### Chapter Two Solution
#### 2.1
**Answer**

The probability to select the greedy one is 1-$\epsilon$ plus the probability in the random part, which is $\frac{\epsilon}{2}$ since there is only 2 actions. 
$$
    1 - \epsilon + \frac{\epsilon}{2} = 0.75
$$

#### 2.2
**Answer**

On the time step that the reward got is less than the greedy action's, $\epsilon$ case definitely occurs, on the ones that the rewards are the same, $\epsilon$ case may occurs.
So on time steps 2,5, $\epsilon$ case must occur, and in other steps it may occur.
    
#### 2.3
**Answer**

The case that $\epsilon = 0.01$ will be better, because the asymptomatic limit of the two case are different, shown below.
    $$
        \lim_{t\to\infty}Q_t^{\epsilon=0.1}(a) = 1-\epsilon+\frac{\epsilon}{10} = 0.91\\
        \lim_{t\to\infty}Q_t^{\epsilon=0.01}(a) = 1-\epsilon+\frac{\epsilon}{10} = 0.991
    $$
    
#### 2.4
**Answer**

Let $\alpha_0 = 1$, then 
\begin{equation}
    Q_{n + 1} = \left(\prod_{i=1}^n (1 - \alpha_i) \right) Q_1 + \sum_{i = 1}^{n}  \alpha_{i} R_{i} \prod_{k = i + 1}^n
(1 - \alpha_k).
\end{equation}
Where $\prod_{i=x}^y f(i) \doteq 1$ if $x > y$.
#### 2.5

In [23]:
import matplotlib
import matplotlib.pyplot as plt
import numpy as np
from tqdm import tqdm
%matplotlib notebook

In [91]:
class Bandit:
    # @k_arm: # of arms
    # @epsilon: probability for exploration in epsilon-greedy algorithm
    # @initial: initial estimation for each action
    # @step_size: constant step size for updating estimations
    # @sample_averages: if True, use sample averages to update estimations instead of constant step size
    # @UCB_param: if not None, use UCB algorithm to select action
    # @gradient: if True, use gradient based bandit algorithm
    # @gradient_baseline: if True, use average reward as baseline for gradient based bandit algorithm
    def __init__(self, k_arm=10, epsilon=0., initial=0., step_size=0.1, sample_averages=False, UCB_param=None,
                 gradient=False, gradient_baseline=False, incremental = False,true_reward=0.):
        self.k = k_arm
        self.step_size = step_size
        self.sample_averages = sample_averages
        self.indices = np.arange(self.k)
        self.time = 0
        self.incremental = incremental
        self.UCB_param = UCB_param
        self.gradient = gradient
        self.gradient_baseline = gradient_baseline
        self.average_reward = 0
        self.true_reward = true_reward
        self.epsilon = epsilon
        self.initial = initial

    def reset(self):
        # real reward for each action
        self.q_true = np.random.randn(self.k) + self.true_reward

        # estimation for each action
        self.q_estimation = np.zeros(self.k) + self.initial
        
        self.q_total = np.zeros(self.k)

        # # of chosen times for each action
        self.action_count = np.zeros(self.k)

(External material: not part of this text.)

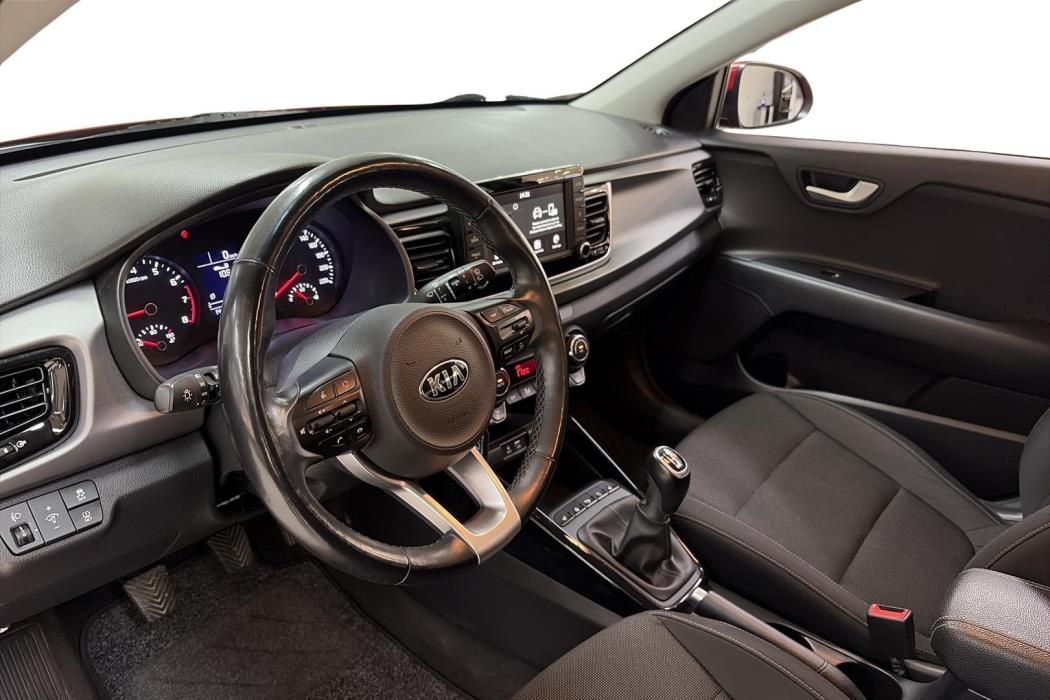 Kia Rio 2019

        self.best_action = np.argmax(self.q_true)

    # get an action for this bandit
    def act(self):
        if np.random.rand() < self.epsilon:
            return np.random.choice(self.indices)

        if self.UCB_param is not None:
            UCB_estimation = self.q_estimation + \
                     self.UCB_param * np.sqrt(np.log(self.time + 1) / (self.action_count + 1e-5))
            q_best = np.max(UCB_estimation)
            return np.random.choice([action for action, q in enumerate(UCB_estimation) if q == q_best])

        if self.gradient:
            exp_est = np.exp(self.q_estimation)
            self.action_prob = exp_est / np.sum(exp_est)
            return np.random.choice(self.indices, p=self.action_prob)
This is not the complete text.